Databricks has introduced Agent Mode in its Genie spaces, according to a company blog post published on the Databricks website. The company describes the feature as an agentic capability layered into its existing Genie product, which lets business users query data using natural language.
What Databricks Says Agent Mode Does
According to the Databricks blog post, Agent Mode extends Genie beyond single-turn question answering into multi-step reasoning across a Genie space. The company states that the mode allows Genie to break a user request into a sequence of steps, execute queries, inspect intermediate results, and iterate toward an answer rather than returning a single generated SQL response.
Databricks says the agent operates within the governance boundaries of the underlying Genie space, meaning the tables, metrics, and instructions already configured by the space owner remain the scope of what the agent can access. The company frames this as a way to keep agentic behavior anchored to curated data context rather than arbitrary warehouse access.
The blog post indicates that Agent Mode is designed for questions that cannot be resolved with a single SQL statement, citing examples such as comparative analyses, root-cause investigations, and questions that require pulling from multiple tables in sequence.
Workflow Changes Inside Genie Spaces
Databricks reports that users toggle Agent Mode within an existing Genie space, and that the agent exposes its intermediate reasoning steps and the queries it runs as it works. The company says this step-by-step surface is intended to let analysts verify the path the agent took to an answer.
The agent operates within the governance boundaries of the underlying Genie space, according to Databricks.
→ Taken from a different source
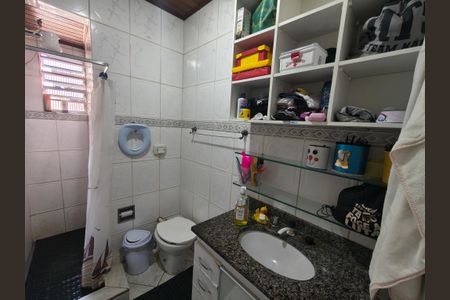 Casa à venda com 64m², 3 quartos e 1 vaga Casa à venda com 64m², 3 quartos e 1 vagaBanheiro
For Genie space owners — typically data teams who configure tables, example queries, and instructions — Databricks says the existing configuration carries over to Agent Mode without separate setup. Instructions written for standard Genie behavior are used by the agent as guidance during multi-step execution, per the blog post.
The company states that the agent can revise its approach mid-task if an intermediate query returns unexpected results, re-planning subsequent steps based on what it observed. Databricks describes this as a shift from generating one SQL statement to orchestrating a sequence of them.
Availability and Integration Details
Databricks has not published pricing specific to Agent Mode in the blog post, and the company describes the capability as part of the Genie product surface rather than a separately licensed feature. The post does not specify a general availability date or regional rollout schedule beyond its announcement framing.
The blog post does not detail a dedicated public API for Agent Mode at launch, and Databricks has not committed to programmatic endpoints for invoking the agent outside the Genie UI in the published material. DeepBrief has reached out to Databricks for comment on API availability, rollout timing, and any usage limits, and will update this article if the company responds on the record.
Context on Genie and Agentic Analytics
Genie is Databricks' natural-language interface for querying data in a governed workspace, and the company has previously positioned it as a product for business users who do not write SQL. Agent Mode, per the blog post, is an addition to that existing product rather than a standalone offering.
The launch places Databricks alongside other data platform vendors that have added agent-style features to their analytics surfaces, including Snowflake with its Cortex Agents and Google Cloud with agent capabilities in BigQuery, based on prior announcements from those companies. DeepBrief has not independently compared the feature sets; readers should treat claims about relative capabilities as coming from each vendor's own documentation.
Databricks says in the blog post that Agent Mode is part of a broader effort to bring agentic patterns into its data intelligence platform, referencing the company's Mosaic AI and Agent Framework products as related building blocks. The post does not disclose which foundation models power Agent Mode or whether customers can configure the underlying model.
The blog post is attributed to the Databricks product team and was published on the Databricks company blog at databricks.com/blog/introducing-genie-agent-mode.